Nadie parece cuestionarse qué pintan los políticos, los sindicatos o la patronal en decisiones particulares y propias, tales como cuándo y cómo dejo de trabajar; en qué condiciones laborales, personales y económicas lo hago; cuánto -a partir de un mínimo que puede estipularse- decido aportar para cubrir mis necesidades futuras y las de los míos, incluso en caso de que fallezca repentinamente, o cómo puedo percibir los rendimientos de mis aportaciones y su cuantía, entre otras varias decisiones relacionadas con la pensión de jubilación.
Tampoco nadie se pregunta por qué el cobro de la pensión depende de la estructura piramidal de la población o de la situación del mercado laboral, productividad incluida, cuando más bien parece que debiera tener relación con la previsión, productividad y esfuerzo de cada uno, la situación personal laboral o las aportaciones propias.

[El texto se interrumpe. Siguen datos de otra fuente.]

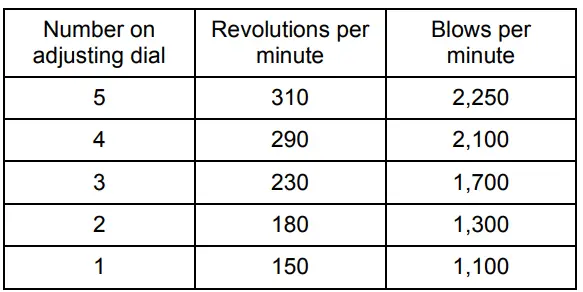 MAKITA HR5212C AVT Rotary Hammer 24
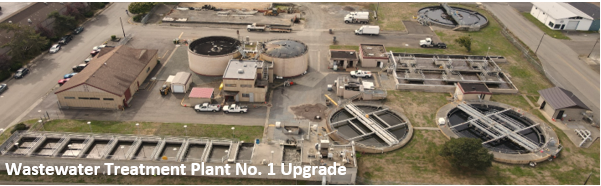 Wastewater Treatment Plant Photo header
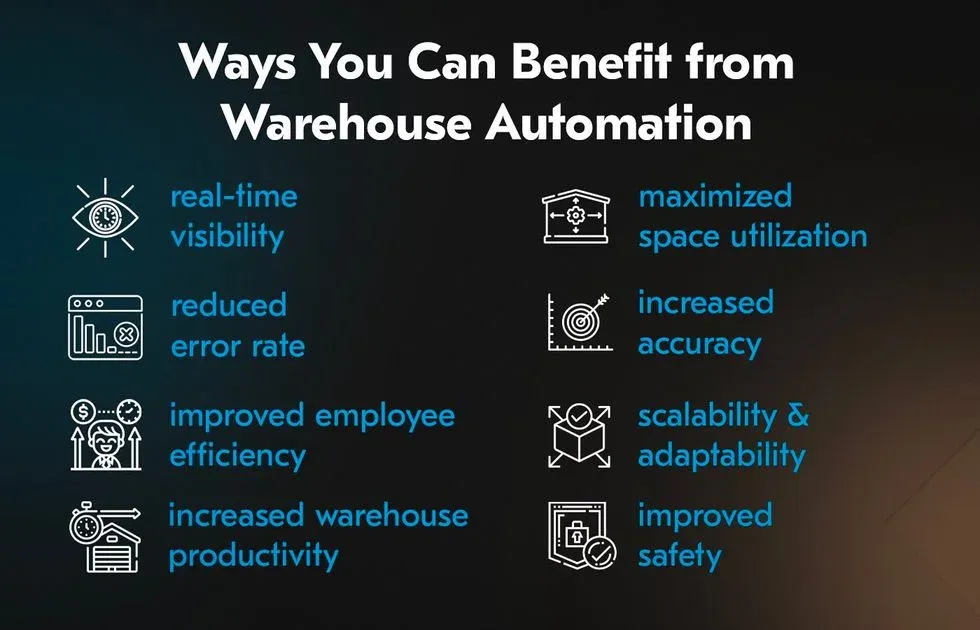 Warehouse Automation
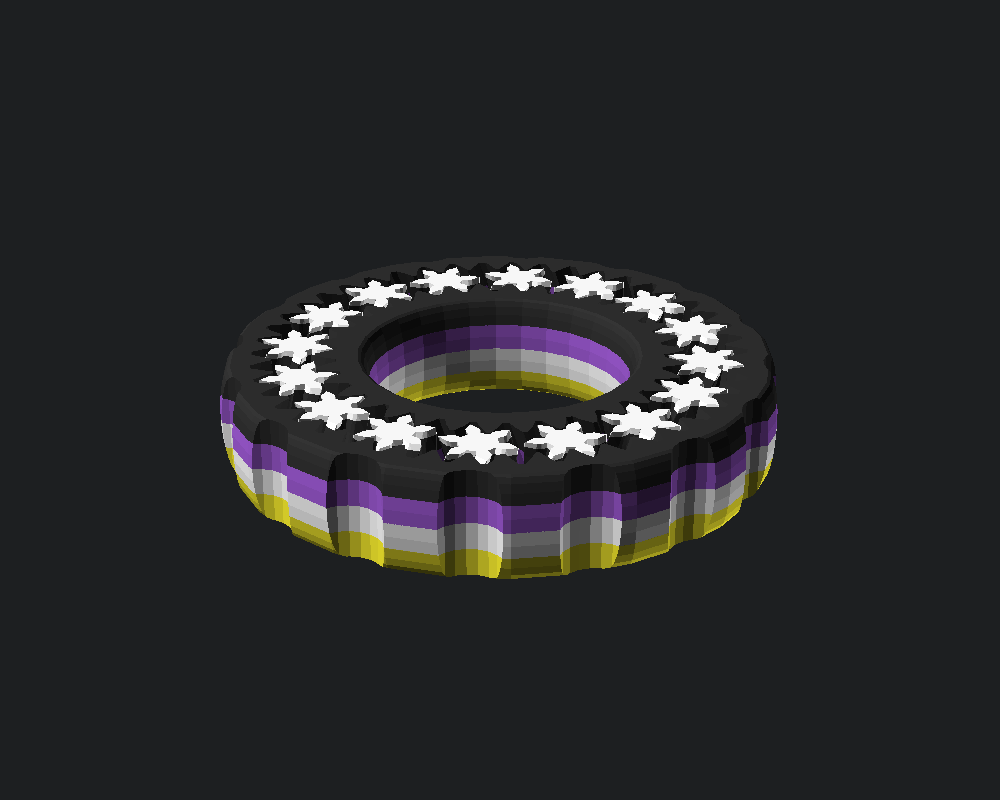 Nonbinary Fidget Ring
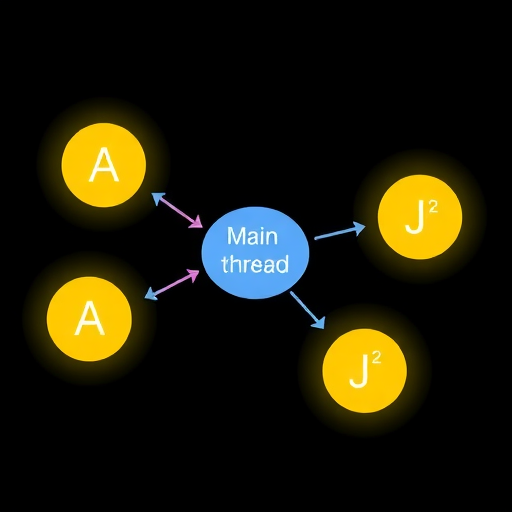 JavaScript异步加载优化：提升网页速度与体验方法-云笔网策 - 云笔网策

La razón es que nuestro sistema de previsión de pensiones -me refiero a la jubilación por actividad profesional o laboral, ya que las pensiones de otro tipo o prestaciones de carácter asistencial deben ir, y así se hace, con cargo a impuestos- mantiene una estructura financiera de reparto en lugar de una estructura de capitalización.
No debe confundirse esta última con privatización, pues puede mantenerse un sistema de capitalización en manos completamente públicas aunque nunca será recomendable por ineficiente en términos económicos y peligroso en términos políticos. Y quienes objeten problemas de free-rider, sepan que el sistema puede hacerse obligatorio, de modo que todos deban aportar un mínimo, que incluso puede ser proporcional.
Pero no podemos seguir manteniendo un engaño o mentira: un sistema de pensiones financieramente perverso, basado en los famosos esquemas de Ponzi o piramidales, que son un fraude, que exigen incorporaciones o aportaciones al mismo crecientes (en proporción estipulada según la cuantía de prestación y la población, que en la actualidad es aproximadamente de tres a uno) y que para ocultar o retrasar su inviabilidad hay que modificar cada cierto tiempo, reduciendo las prestaciones o los derechos que anteriormente a la reforma se reconocían a los perceptores del sistema y que de por sí ya eran -y son- miserables. Tales son los cambios de base o de todo tipo de cálculos, la ampliación de años cotizados para poder ser perceptor o el retraso de la edad de jubilación.
Y esto es lo que mantiene, prorroga y promueve el Pacto de Toledo, porque políticos, sindicatos y patronal no quieren ni van a querer devolvernos nuestras pensiones.
Fernando Méndez Ibisate. Profesor de Economía de la UCM.